*Supplied material:*

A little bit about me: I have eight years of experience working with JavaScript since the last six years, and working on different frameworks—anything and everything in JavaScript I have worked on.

...

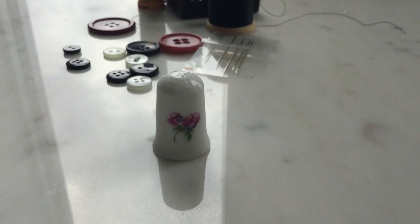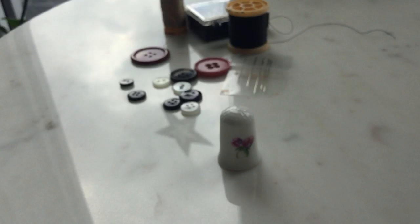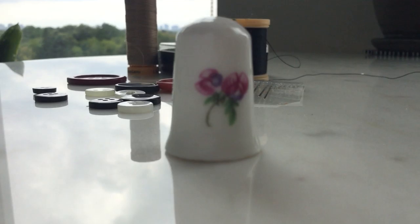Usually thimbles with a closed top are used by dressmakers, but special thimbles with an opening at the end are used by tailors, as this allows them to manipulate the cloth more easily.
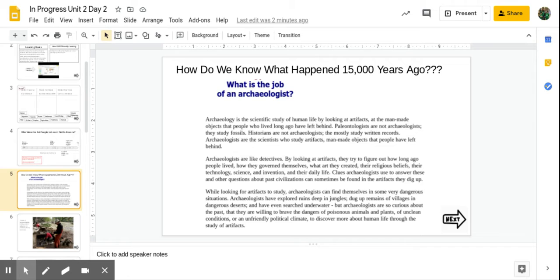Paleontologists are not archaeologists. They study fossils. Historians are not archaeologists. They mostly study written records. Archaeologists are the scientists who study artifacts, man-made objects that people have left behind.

*Task directions:*
In the listing above, find the line with "Usually thimbles with" and the line with "Paleontologists are not". Set down both and every line between them, minus the pictures.

*Result of the task:*
Usually thimbles with a closed top are used by dressmakers, but special thimbles with an opening at the end are used by tailors, as this allows them to manipulate the cloth more easily.
Paleontologists are not archaeologists. They study fossils. Historians are not archaeologists. They mostly study written records. Archaeologists are the scientists who study artifacts, man-made objects that people have left behind.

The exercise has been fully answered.